Parmeno, à part. Dieu tienne compte à la bonne vieille du plaisir que me font ses paroles et ses louanges !

Célestine. Que dis-tu, Parmeno, mon bien-aimé, mon fils et plus que mon fils ?

Parmeno. Je me demande comment ma mère pouvait avoir cet avantage, puisque les paroles que vous disiez toutes les deux étaient les mêmes.

Célestine. Comment ? cela t’étonne ? Ne connais-tu pas le dicton : « Il y a grande différence de Pierre à Pierre ? » Nous ne possédons pas toutes à un si haut degré cette faculté de ma commère.

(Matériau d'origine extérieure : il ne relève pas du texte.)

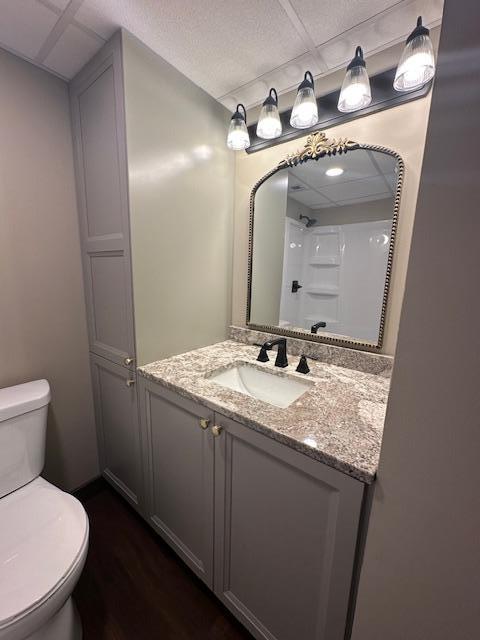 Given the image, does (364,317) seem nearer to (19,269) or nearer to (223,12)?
(223,12)

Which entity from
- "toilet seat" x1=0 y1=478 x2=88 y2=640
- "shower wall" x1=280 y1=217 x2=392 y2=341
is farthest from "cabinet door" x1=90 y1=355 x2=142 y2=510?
"shower wall" x1=280 y1=217 x2=392 y2=341

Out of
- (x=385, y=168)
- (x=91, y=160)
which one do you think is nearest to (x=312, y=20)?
(x=385, y=168)

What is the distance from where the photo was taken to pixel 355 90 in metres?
0.97

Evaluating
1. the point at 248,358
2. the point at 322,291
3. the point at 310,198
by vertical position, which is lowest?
the point at 248,358

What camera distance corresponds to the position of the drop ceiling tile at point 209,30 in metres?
0.86

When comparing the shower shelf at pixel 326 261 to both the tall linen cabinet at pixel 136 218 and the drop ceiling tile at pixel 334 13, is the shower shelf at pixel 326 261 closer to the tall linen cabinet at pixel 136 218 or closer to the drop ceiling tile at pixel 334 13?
the tall linen cabinet at pixel 136 218

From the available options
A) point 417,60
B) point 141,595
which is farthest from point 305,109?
point 141,595

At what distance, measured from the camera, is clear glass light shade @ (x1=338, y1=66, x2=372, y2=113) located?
0.95 m

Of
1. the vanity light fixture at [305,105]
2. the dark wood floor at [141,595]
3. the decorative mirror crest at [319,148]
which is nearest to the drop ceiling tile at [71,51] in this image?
the vanity light fixture at [305,105]

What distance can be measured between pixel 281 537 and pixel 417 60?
61.8 inches

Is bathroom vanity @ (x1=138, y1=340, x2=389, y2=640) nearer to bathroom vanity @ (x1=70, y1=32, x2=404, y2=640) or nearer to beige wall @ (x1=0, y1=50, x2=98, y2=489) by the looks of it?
bathroom vanity @ (x1=70, y1=32, x2=404, y2=640)

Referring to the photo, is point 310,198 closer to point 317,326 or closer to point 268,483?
point 317,326

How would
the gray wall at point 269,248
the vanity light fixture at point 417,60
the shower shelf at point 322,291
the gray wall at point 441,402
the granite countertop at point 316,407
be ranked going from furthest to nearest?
the gray wall at point 269,248, the shower shelf at point 322,291, the vanity light fixture at point 417,60, the granite countertop at point 316,407, the gray wall at point 441,402

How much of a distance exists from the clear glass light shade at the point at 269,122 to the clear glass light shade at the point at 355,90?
272 mm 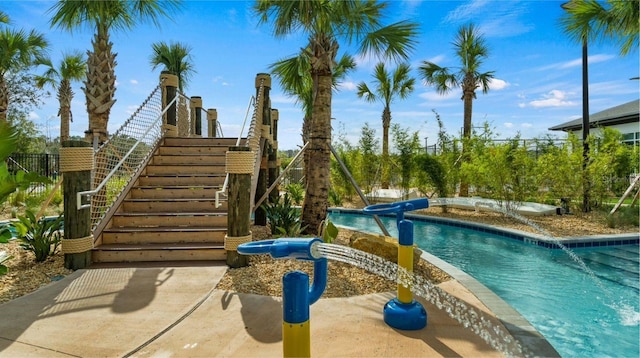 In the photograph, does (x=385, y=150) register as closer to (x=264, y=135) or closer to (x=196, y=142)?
(x=264, y=135)

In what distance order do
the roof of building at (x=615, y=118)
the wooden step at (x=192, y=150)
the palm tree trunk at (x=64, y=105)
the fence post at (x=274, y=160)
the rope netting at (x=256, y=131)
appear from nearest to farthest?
the rope netting at (x=256, y=131) < the wooden step at (x=192, y=150) < the fence post at (x=274, y=160) < the roof of building at (x=615, y=118) < the palm tree trunk at (x=64, y=105)

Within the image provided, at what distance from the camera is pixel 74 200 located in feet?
13.0

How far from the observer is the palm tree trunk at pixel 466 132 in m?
10.9

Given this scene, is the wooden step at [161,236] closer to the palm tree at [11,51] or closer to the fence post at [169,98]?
the fence post at [169,98]

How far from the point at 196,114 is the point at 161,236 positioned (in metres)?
5.68

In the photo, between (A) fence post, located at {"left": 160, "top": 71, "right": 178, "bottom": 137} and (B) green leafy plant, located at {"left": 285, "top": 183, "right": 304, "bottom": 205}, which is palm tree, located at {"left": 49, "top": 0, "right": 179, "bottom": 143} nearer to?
(A) fence post, located at {"left": 160, "top": 71, "right": 178, "bottom": 137}

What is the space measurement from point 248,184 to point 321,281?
273cm

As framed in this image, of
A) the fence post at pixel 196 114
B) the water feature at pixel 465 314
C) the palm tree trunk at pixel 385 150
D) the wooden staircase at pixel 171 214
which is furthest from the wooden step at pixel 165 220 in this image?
the palm tree trunk at pixel 385 150

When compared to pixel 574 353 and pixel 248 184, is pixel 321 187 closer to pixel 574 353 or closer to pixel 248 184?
pixel 248 184

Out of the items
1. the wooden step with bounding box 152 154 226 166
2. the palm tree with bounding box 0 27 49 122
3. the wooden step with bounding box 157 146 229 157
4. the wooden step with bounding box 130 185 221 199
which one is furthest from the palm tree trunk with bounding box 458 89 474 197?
the palm tree with bounding box 0 27 49 122

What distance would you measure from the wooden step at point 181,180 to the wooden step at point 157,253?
160 cm

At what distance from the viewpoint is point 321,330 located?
2.61 metres

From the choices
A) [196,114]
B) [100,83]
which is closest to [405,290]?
[100,83]

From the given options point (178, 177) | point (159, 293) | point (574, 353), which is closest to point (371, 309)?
point (574, 353) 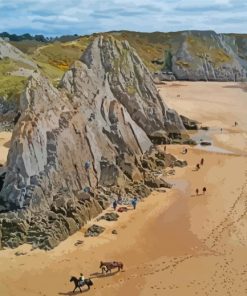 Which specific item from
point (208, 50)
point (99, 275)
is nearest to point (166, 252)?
point (99, 275)

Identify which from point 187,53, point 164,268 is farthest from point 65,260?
point 187,53

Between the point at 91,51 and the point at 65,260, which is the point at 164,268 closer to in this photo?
the point at 65,260

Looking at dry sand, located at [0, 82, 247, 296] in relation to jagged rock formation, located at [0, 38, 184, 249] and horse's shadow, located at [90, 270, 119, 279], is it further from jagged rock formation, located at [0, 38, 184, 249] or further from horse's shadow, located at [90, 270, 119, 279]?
jagged rock formation, located at [0, 38, 184, 249]

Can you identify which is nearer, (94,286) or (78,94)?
(94,286)

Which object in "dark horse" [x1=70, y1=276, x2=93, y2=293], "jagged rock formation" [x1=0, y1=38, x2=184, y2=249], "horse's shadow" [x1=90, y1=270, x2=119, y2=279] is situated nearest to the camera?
"dark horse" [x1=70, y1=276, x2=93, y2=293]

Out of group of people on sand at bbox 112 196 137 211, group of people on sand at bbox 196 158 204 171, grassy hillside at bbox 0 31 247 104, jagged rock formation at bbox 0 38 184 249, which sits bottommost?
group of people on sand at bbox 112 196 137 211

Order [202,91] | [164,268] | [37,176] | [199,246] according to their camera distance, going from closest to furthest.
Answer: [164,268], [199,246], [37,176], [202,91]

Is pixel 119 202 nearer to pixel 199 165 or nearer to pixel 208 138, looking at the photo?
pixel 199 165

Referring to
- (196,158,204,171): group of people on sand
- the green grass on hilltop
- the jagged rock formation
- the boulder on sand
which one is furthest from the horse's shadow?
the green grass on hilltop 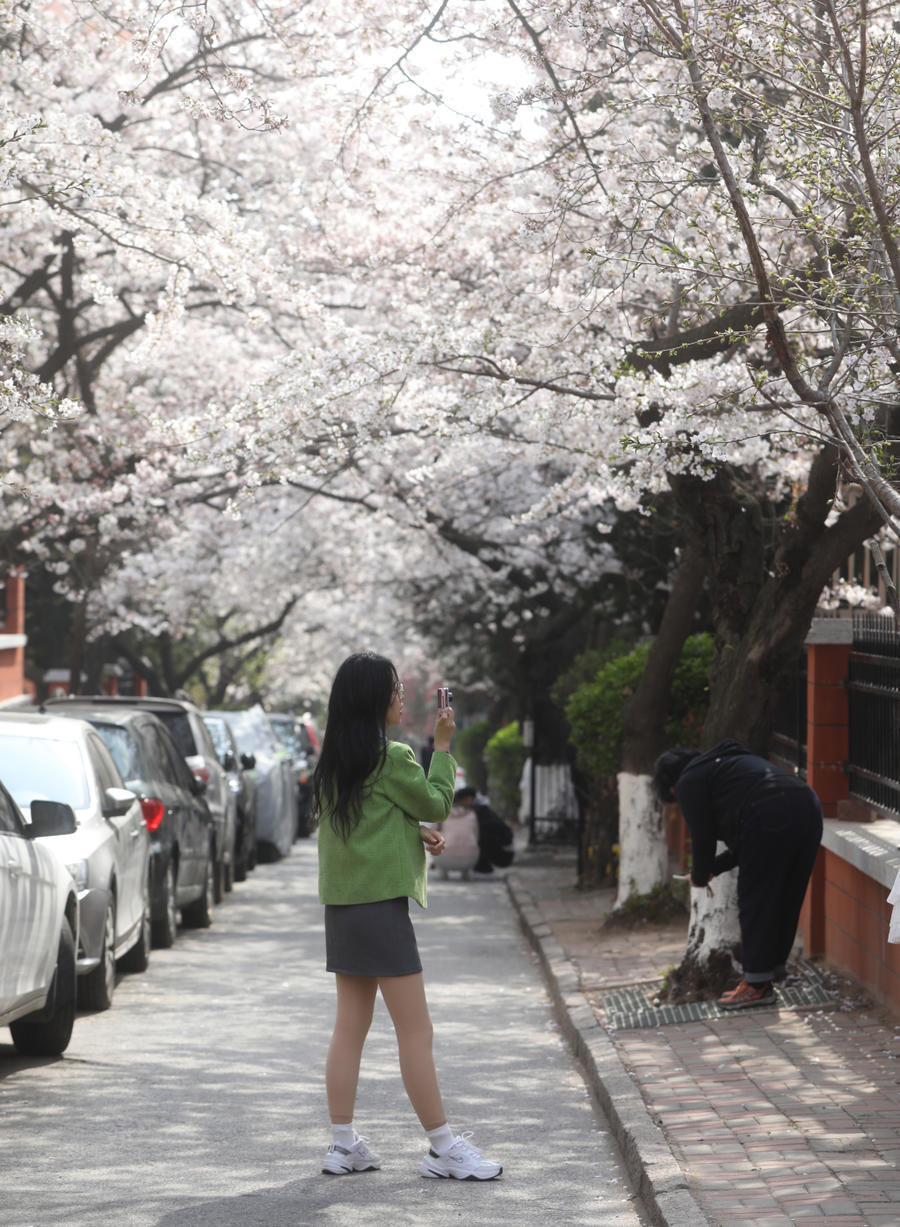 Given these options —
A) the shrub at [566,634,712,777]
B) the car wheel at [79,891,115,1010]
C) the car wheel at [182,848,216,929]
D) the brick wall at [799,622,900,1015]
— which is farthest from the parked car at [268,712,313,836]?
the car wheel at [79,891,115,1010]

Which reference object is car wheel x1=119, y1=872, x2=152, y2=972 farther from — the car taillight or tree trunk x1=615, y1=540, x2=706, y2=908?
tree trunk x1=615, y1=540, x2=706, y2=908

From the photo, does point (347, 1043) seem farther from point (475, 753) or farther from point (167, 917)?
point (475, 753)

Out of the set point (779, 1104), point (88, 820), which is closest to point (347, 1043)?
point (779, 1104)

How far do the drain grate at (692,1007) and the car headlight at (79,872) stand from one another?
2.91m

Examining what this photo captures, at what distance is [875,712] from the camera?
995 centimetres

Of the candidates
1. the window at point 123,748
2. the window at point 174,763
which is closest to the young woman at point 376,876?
the window at point 123,748

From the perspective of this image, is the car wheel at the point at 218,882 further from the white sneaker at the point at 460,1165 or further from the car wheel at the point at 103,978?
the white sneaker at the point at 460,1165

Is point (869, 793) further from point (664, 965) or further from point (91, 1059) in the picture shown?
point (91, 1059)

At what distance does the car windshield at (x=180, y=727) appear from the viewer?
15.7 m

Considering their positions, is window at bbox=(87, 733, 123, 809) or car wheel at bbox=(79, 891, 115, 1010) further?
window at bbox=(87, 733, 123, 809)

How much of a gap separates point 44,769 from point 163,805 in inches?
99.3

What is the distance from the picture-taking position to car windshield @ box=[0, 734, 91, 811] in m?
9.69

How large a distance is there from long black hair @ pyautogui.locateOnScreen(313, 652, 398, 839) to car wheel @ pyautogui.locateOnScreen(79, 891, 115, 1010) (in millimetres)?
3862

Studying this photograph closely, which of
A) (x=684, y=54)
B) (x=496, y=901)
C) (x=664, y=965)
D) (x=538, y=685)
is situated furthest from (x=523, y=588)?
(x=684, y=54) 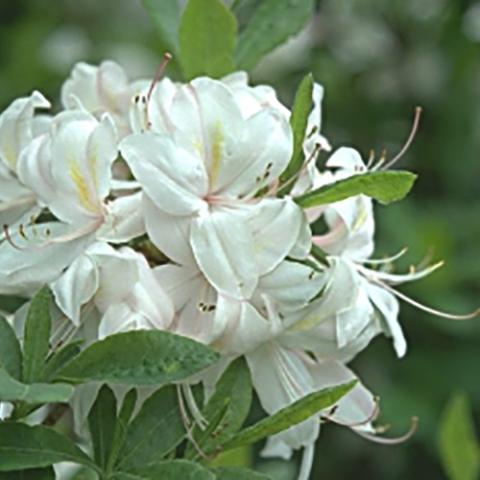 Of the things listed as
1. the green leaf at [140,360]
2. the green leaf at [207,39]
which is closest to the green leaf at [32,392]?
the green leaf at [140,360]

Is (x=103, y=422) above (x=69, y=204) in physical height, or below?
below

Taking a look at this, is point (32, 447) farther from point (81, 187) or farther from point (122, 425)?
point (81, 187)

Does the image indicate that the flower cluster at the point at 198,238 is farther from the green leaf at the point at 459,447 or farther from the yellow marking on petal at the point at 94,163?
the green leaf at the point at 459,447

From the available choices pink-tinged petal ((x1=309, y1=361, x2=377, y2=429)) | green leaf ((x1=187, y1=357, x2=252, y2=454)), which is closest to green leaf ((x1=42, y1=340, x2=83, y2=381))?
green leaf ((x1=187, y1=357, x2=252, y2=454))

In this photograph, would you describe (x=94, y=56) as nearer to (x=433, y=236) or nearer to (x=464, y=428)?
(x=433, y=236)

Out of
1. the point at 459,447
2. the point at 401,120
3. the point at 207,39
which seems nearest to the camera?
the point at 207,39

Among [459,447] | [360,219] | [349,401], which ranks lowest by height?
[459,447]

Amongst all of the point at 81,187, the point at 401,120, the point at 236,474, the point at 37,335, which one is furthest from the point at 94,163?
the point at 401,120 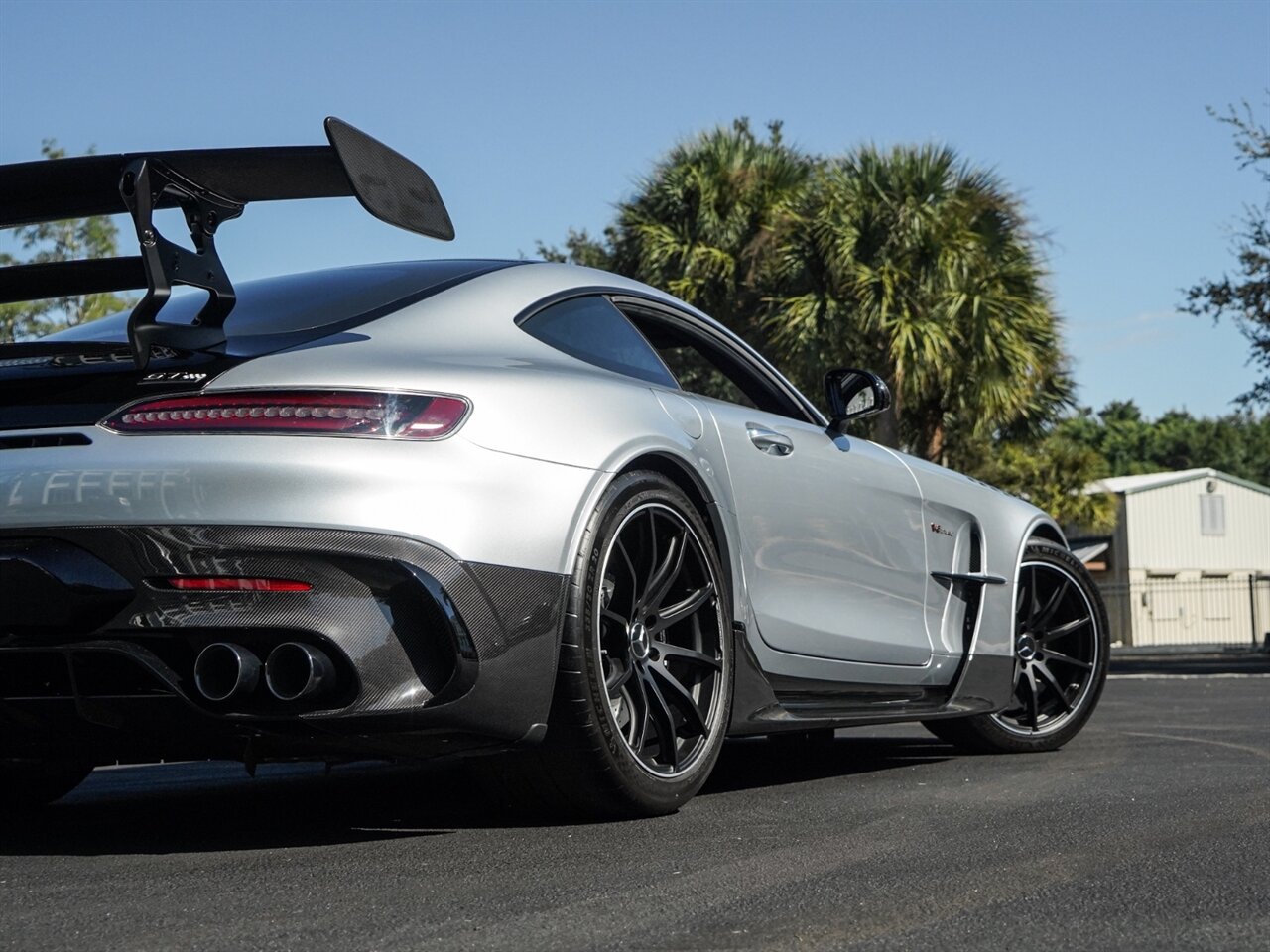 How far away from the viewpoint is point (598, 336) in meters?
4.21

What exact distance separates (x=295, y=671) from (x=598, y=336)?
1387 millimetres

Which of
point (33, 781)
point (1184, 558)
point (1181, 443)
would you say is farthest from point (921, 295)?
point (1181, 443)

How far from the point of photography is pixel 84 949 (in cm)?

N’as-tu pas vu dans tous les états de bons et de mauvais ouvriers ? Telle était ta mère (Dieu conserve son âme !), la première de notre métier, connue pour telle et aimée de tout le monde, des cavaliers, des clercs, des hommes mariés, des vieillards, des jeunes gens et des enfants. Et les jeunes filles, les demoiselles ? elles priaient Dieu pour elle comme pour leurs propres parents. Elle avait affaire à tous, à tous elle parlait. Si nous sortions dans la rue, tous ceux que nous rencontrions rappelaient marraine, car elle avait été sage-femme seize ans. Aussi, bien que tu n’aies pas eu connaissance de ses secrets, en raison de ton jeune âge, il est raisonnable que tu les saches aujourd’hui, puisqu’elle n’est plus de ce monde et que tu es homme.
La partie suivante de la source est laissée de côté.